Dopo una scena di repertorio risalente al 22 dicembre del 2000, in cui si sente un ufficiale invitare un gruppo di carcerati rivoltosi a desistere dalla loro lotta per trasferiti nelle nuove carceri di Tipo F (F Tipi Yüksek Güvenlikli Kapalı Ceza İnfaz Kurumu, ossia carceri di massima sicurezza, spacciate al popolo turco come esempi di un avvicinamento allo standard europeo ma in realtà luoghi dove la detenzione, soprattutto per i condannati per motivi politici, è fatta di isolamento e condizioni di vita alquanto precarie), Alper ci introduce al poco più che trentenne Yusuf, che viene rilasciato a causa di problemi di salute – i suoi polmoni sono minati da un male che presumibilmente non gli lascerà molto da vivere – dal carcere dove è stato rinchiuso per dieci anni.
Yusuf è un prigioniero politico, uno di quelli che, per evitare il trasferimento nelle nuove strutture di tipo F hanno iniziato uno sciopero della fame ad oltranza in carcere tra ottobre e novembre del 2000. Ed è molto probabilmente lo sciopero della fame, e la conseguente alimentazione forzata ad opera delle autorità, ad avere compromesso la sua salute.

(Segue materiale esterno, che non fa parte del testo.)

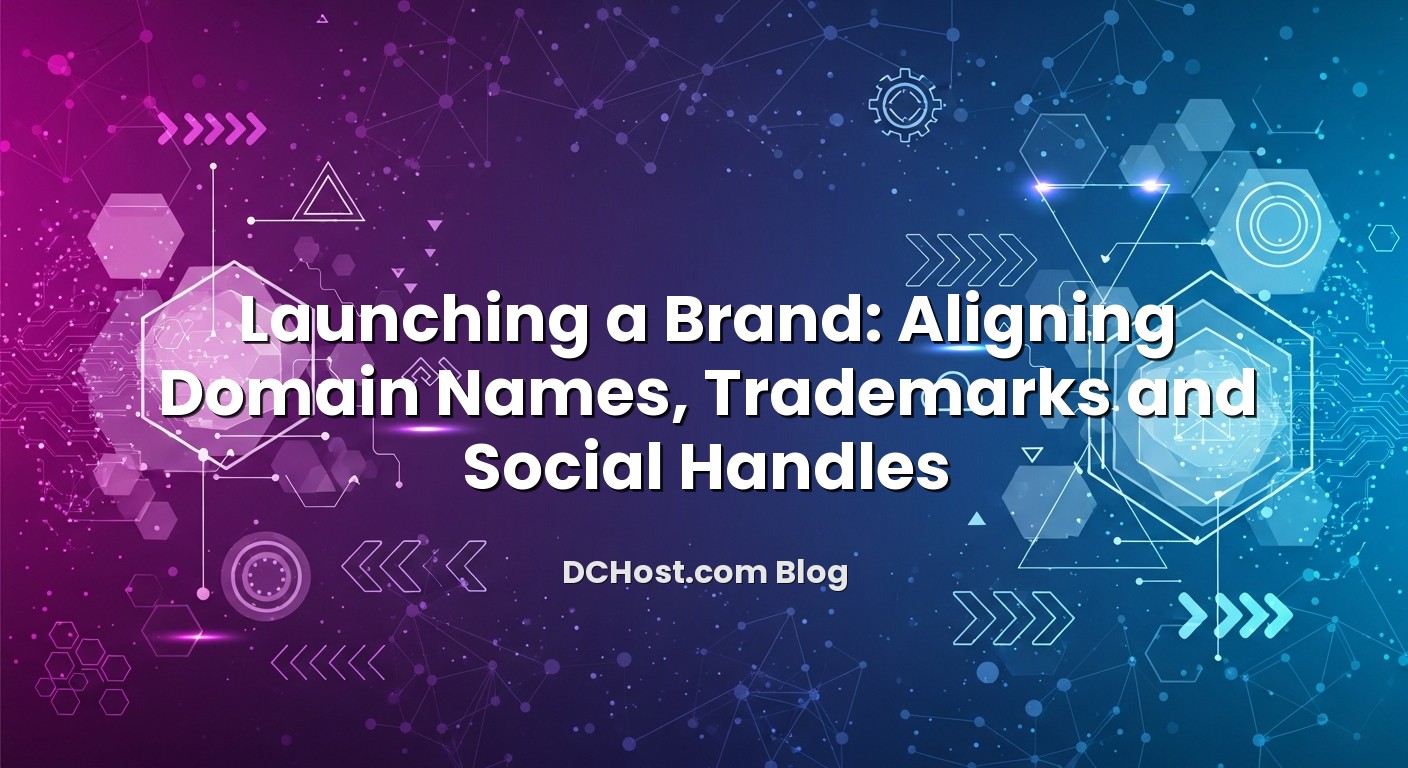 Illustration depicting Launching a Brand: Aligning Domain Names, Trademarks and Social Handles concept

Tornato in libertà, a clima politico cambiato, con i compagni di lotta del tempo che hanno scelto di conformarsi, a Yusuf non resta che fare ritorno al piccolo villaggio sul Mar Nero, ai confini con la Georgia – lo stesso in cui il regista ha trascorso infanzia e adolescenza prima di trasferirsi a Istanbul per frequentare l’università – dove ancora vive sua madre, rimasta sola dopo che sua figlia si è sposata e trasferita e suo marito è morto durante la detenzione del figlio. La donna, anziana, lo accoglie con commozione ma non sa del male del figlio. Anzi, spinge perché si crei una famiglia, condizione che le permetterebbe di affrontare l’ultimo scampolo della sua vita senza preoccupazioni. Con i giovani che lo hanno abbandonato per cercare nuove opportunità nelle città, il villaggio è ormai abitato da sole persone anziane, cosa che contribuisce ad aumentare il senso di perduta appartenenza e la netta impressione che Yusuf si senta ormai in una sorta di limbo, non ancora morto ma nemmeno nella possibilità di pensare a un pur prossimo futuro.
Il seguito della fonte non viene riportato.